A net 4 per cent of the 600 people surveyed still expect house prices to fall, but that compares with a net 45 per cent of that opinion three months ago.
Interest rate expectations have also shifted, with a net 3 per cent now expecting them to rise where a net 30 per cent were looking for further falls three months ago.
But the bank's chief economist, Nick Tuffley, warns that while the market may be reaching a floor, prices remain high by key measures and the impending recovery is likely to be only a shadow of the 2002 to 2007 boom.
"The past few years have seen the housing market swing from an extreme sellers' market to an extreme buyers' market," he said. "The recent lift in the market has seen it move back towards a more normal balance on several measures."
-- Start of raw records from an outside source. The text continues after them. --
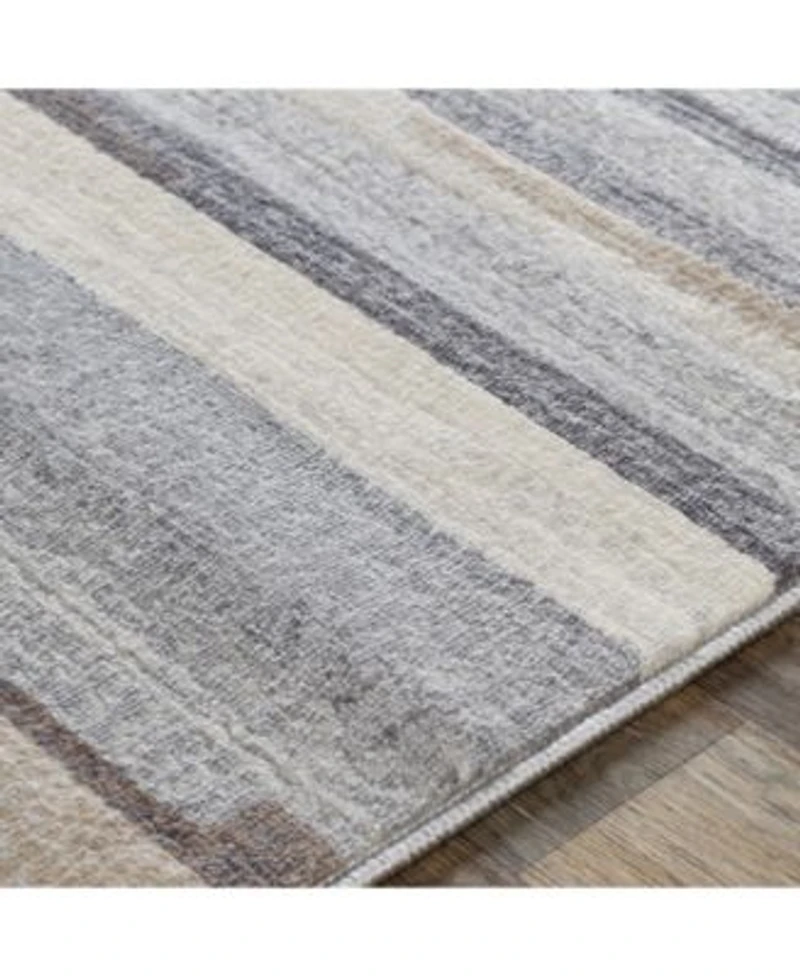 Livabliss Roma Rom Gray Area Rug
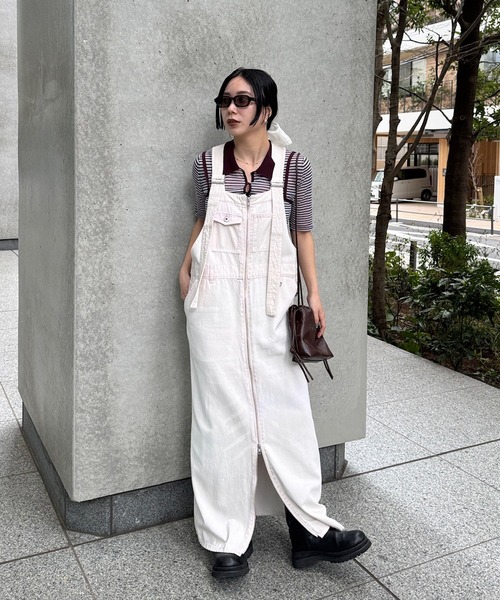 Ameri（アメリ） サロペット オーバーオール FUNCTION DENIM OVERALL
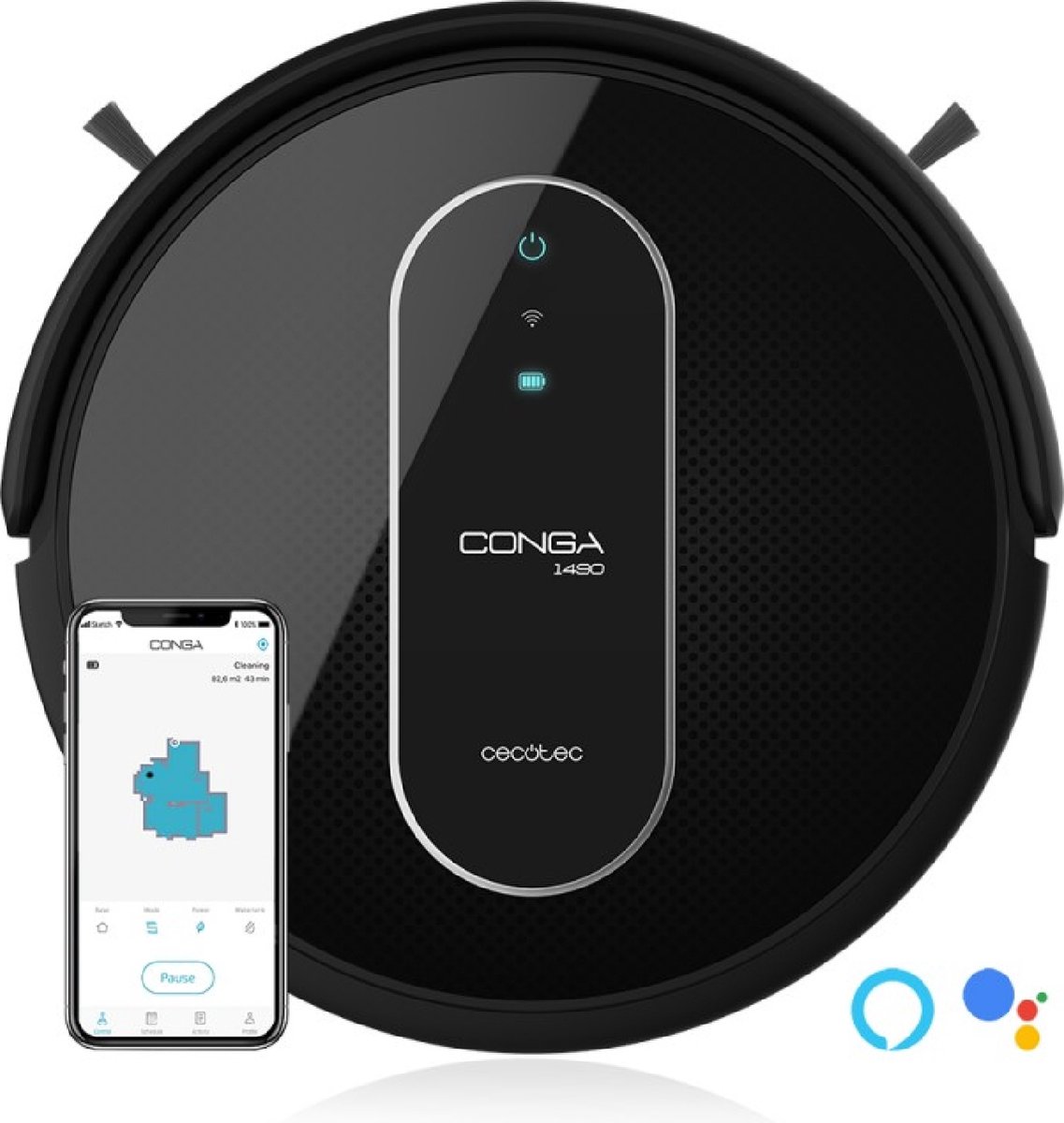 Cecotec Conga 1490 Impulse - Robotstofzuiger - Zwart | bol.com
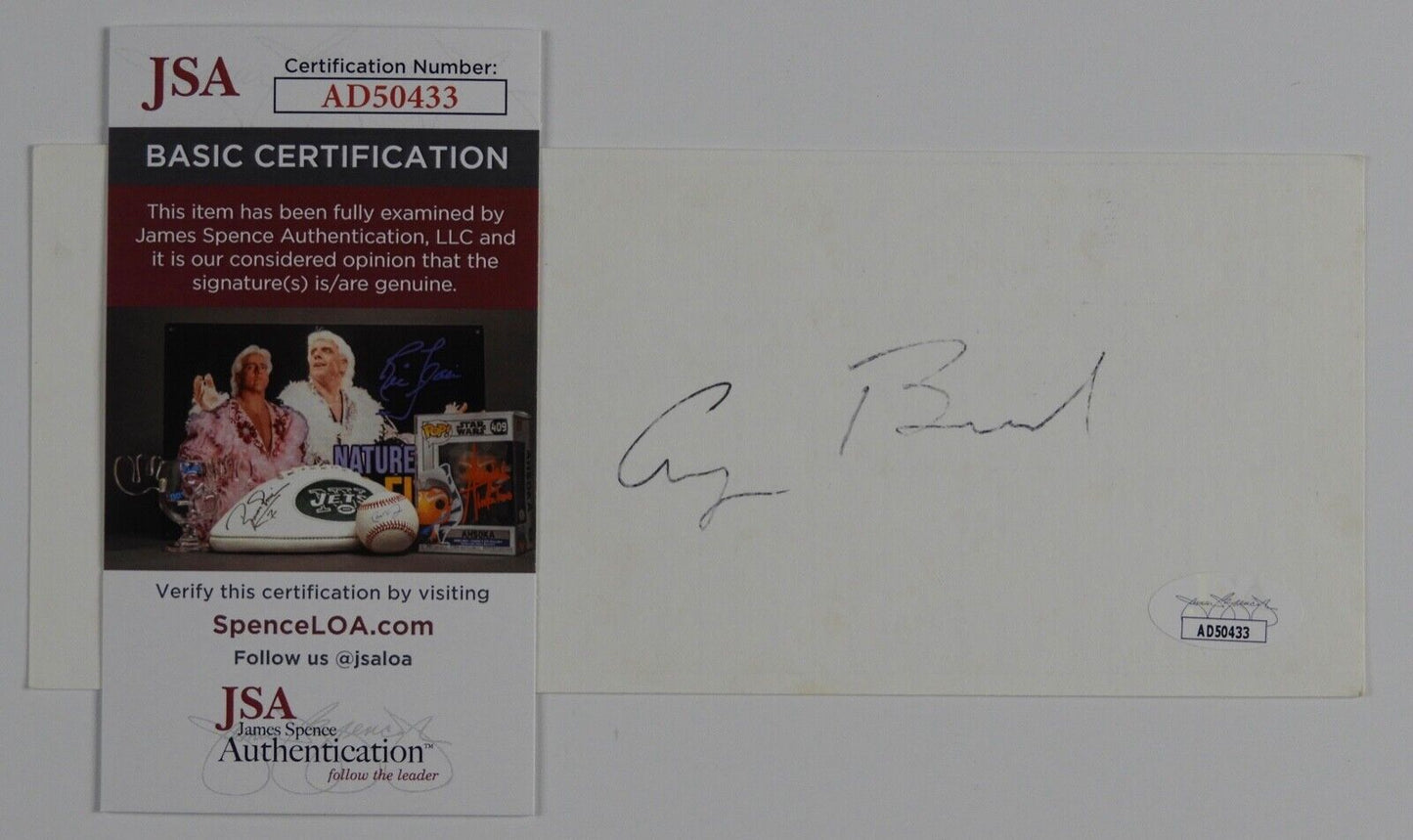 President George Bush H. W. JSA COA Signed Autograph Cut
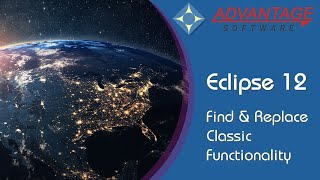 Eclipse 12 - Find & Replace Classic Functionality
Both the median number of days it takes to sell and listings of homes for sale have fallen back to a more average level.
"Over the rest of 2009 we expect housing turnover to broadly hold on to gains made in the first half of this year and possibly grind up higher. House prices themselves seem to be bottoming out and could even lift slightly late this year."
There was a chance prices might benefit in the short term from by an imbalance of supply and demand driven by a steep drop in new construction over the past 18 months on the one hand and a growing population, boosted by fewer people leaving the country, on the other. "However, we expect the main release valve from a growing population to be a recovery in construction activity over 2010 rather than prices."
House prices remained high relative to incomes and rents, he said.
Property investors needed to remember that past performance was not a reliable indictor of future performance.
"Housing had such a tremendous run over the last economic cycle that another strong price performance will be hard to achieve over the next few years - the price correction hasn't been that large."
The starting point is nowhere near where it was before the boom in terms of house prices and debt levels, Tuffley said.
And the world had changed: "It's not an environment where New Zealand can go on forever building up household debt."